The Labour leader added: “Poorer areas like Newcastle will raise far less through tax but have a far greater demand for services like social care, child protection, and homelessness prevention, and this need will only be exacerbated by the impact of making low income council tax-payers poorer. To put this in stark perspective, we estimate that a one per cent uplift in council tax for adult social care services in Newcastle in 2023/24 would be worth £1.2m (based on our current council tax base) but would be worth a whopping £8.3m in Surrey (£2.2m on a net budget like-for-like basis).”

Nick Kemp (Newcastle Chronicle)

At a meeting of the North East Combined Authority (NECA) on Tuesday, Durham County Council leader Amanda Hopgood also condemned the idea. The Liberal Democrat, who heads the county’s coalition administration, called council tax a “fundamentally broken system” and claimed that other parts of England can generate 10 times the income from it that North East authorities can.

Labour’s Martin Gannon, the leader of Gateshead Council, agreed that it would be “incredibly difficult” to raise council tax by the amount the Government expects. Coun Gannon, whose authority is consulting on plans to shut down some leisure centres in order to save money, told the NECA board: “Five per cent would raise for us £4.3m, if we did the unthinkable and raise council tax in an area which is already suffering dreadful poverty and deprivation.

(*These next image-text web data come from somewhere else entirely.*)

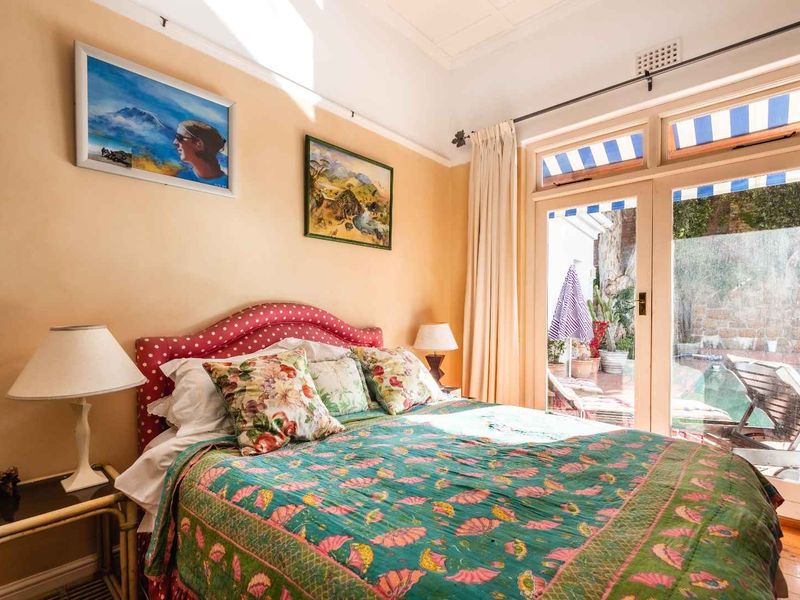 A bedroom featuring timber flooring and classic french doors that provide direct access to the outdoor pool area.
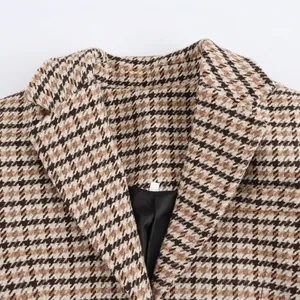 Classic checkered wool coat with houndstooth pattern and elegant notched lapel collar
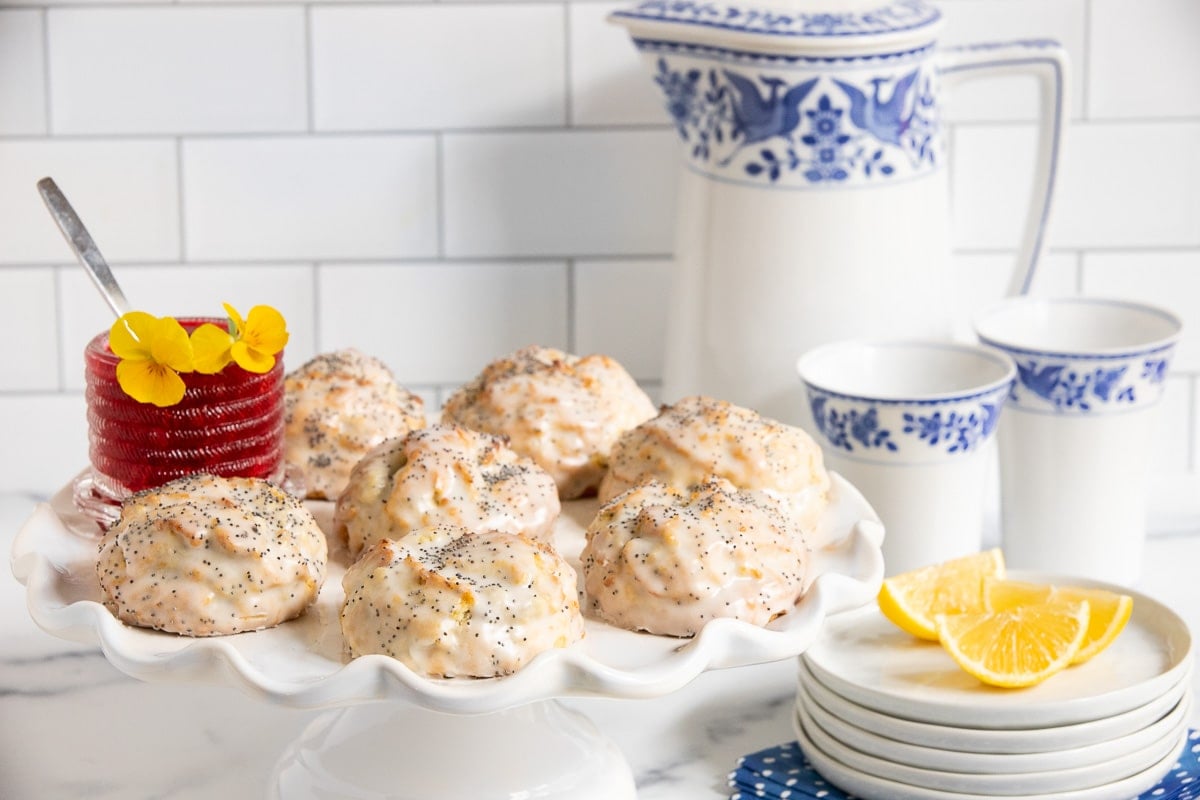 Horizontal photo of a batch of Ridiculously Easy Lemon Poppy Seed Scones on a white scalloped pedestal serving plate.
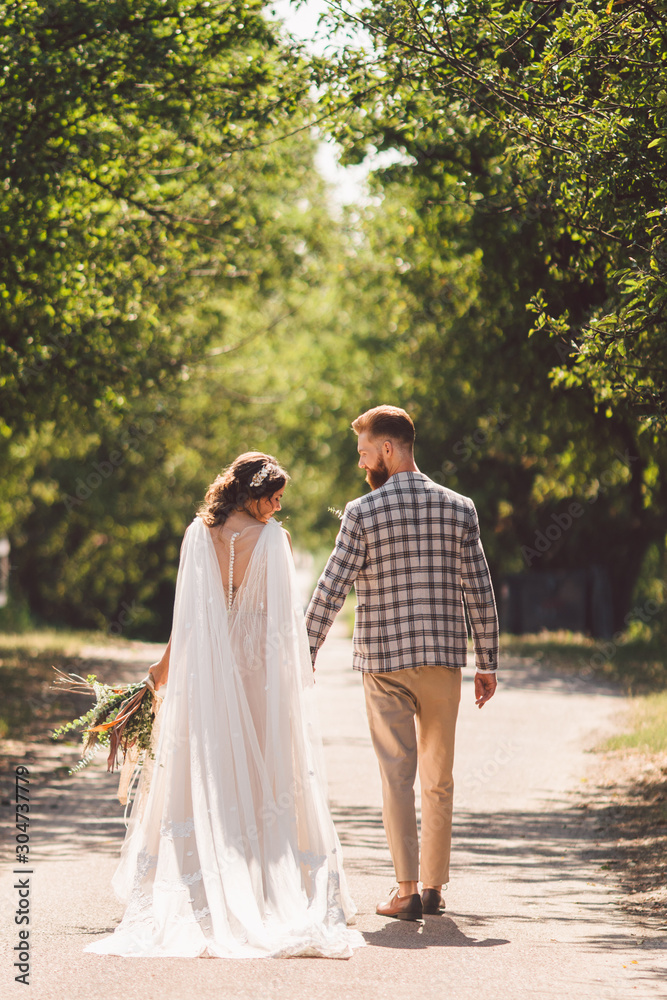 Happy bride and groom holding hands and walking in garden wedding day. Back view of charming stylish newlyweds holding hands while walking in park forest. Path to future life. happy marriage moments Happy bride and groom holding hands and walking in garden wedding day. Back view of charming stylish newlyweds holding hands while walking in park forest. Path to future life. happy marriage moments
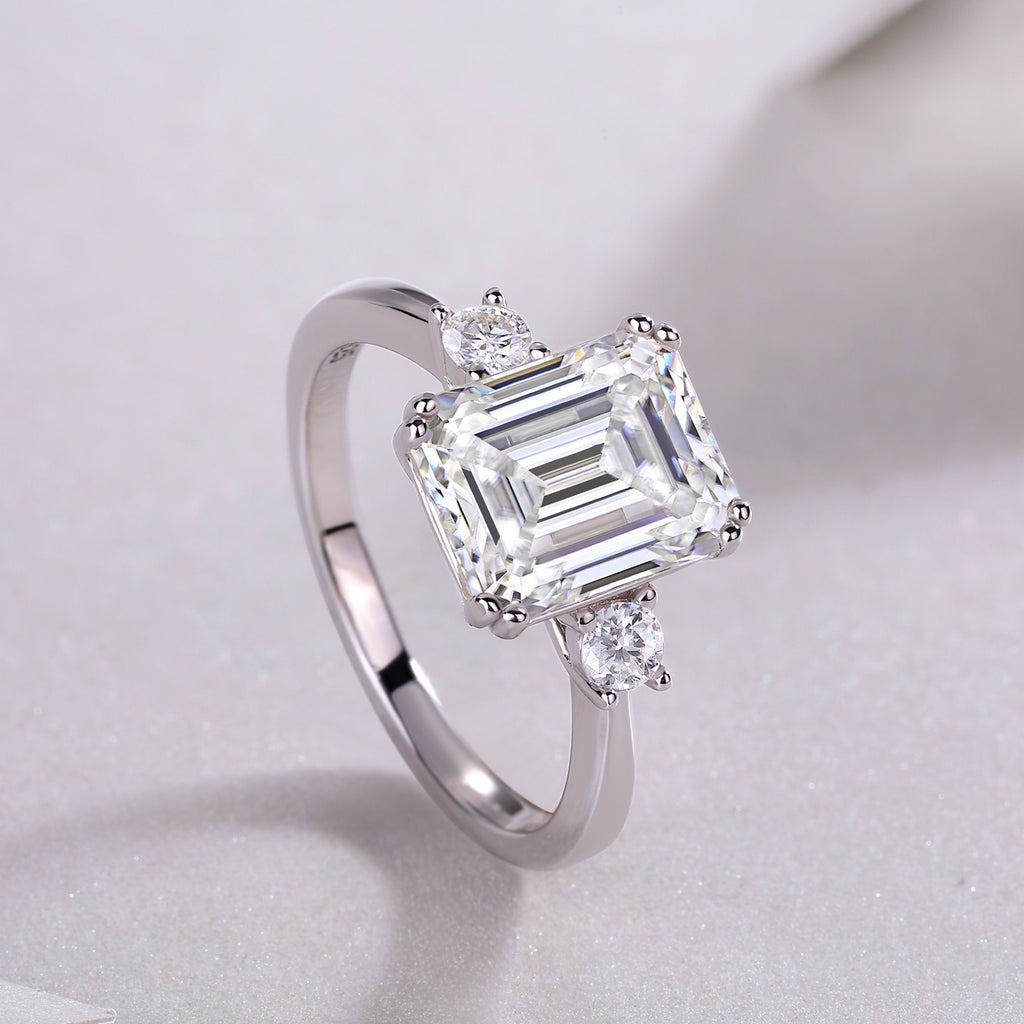 Emerald-cut moissanite three-stone ring in 925 sterling silver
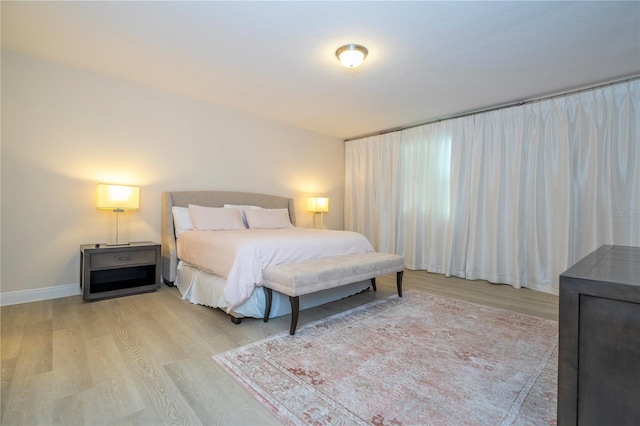 8419 Pippen Dr, Orlando, FL 32836 - bedroom with wood finished floors and baseboards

"We used £10m in reserves last year to produce a budget – that is gone now. And we are facing a £10m gap next year, £55m in the next five years, and overspending this year because of the rise in energy bills and inflation by somewhere around £6m. Raising council tax by five per cent is a burden on the people of Gateshead, Durham, Sunderland, South Tyneside… but it will go nowhere near filling the cavernous gap left by Government cuts.”

Around 95% of councils are expected to hike payments by the full five per cent permitted, according to Treasury analysis. Mr Hunt said that the “flexibilities” would mean an increase in funding available for the social care sector of up to £2.8bn next year and £4.7bn the year after.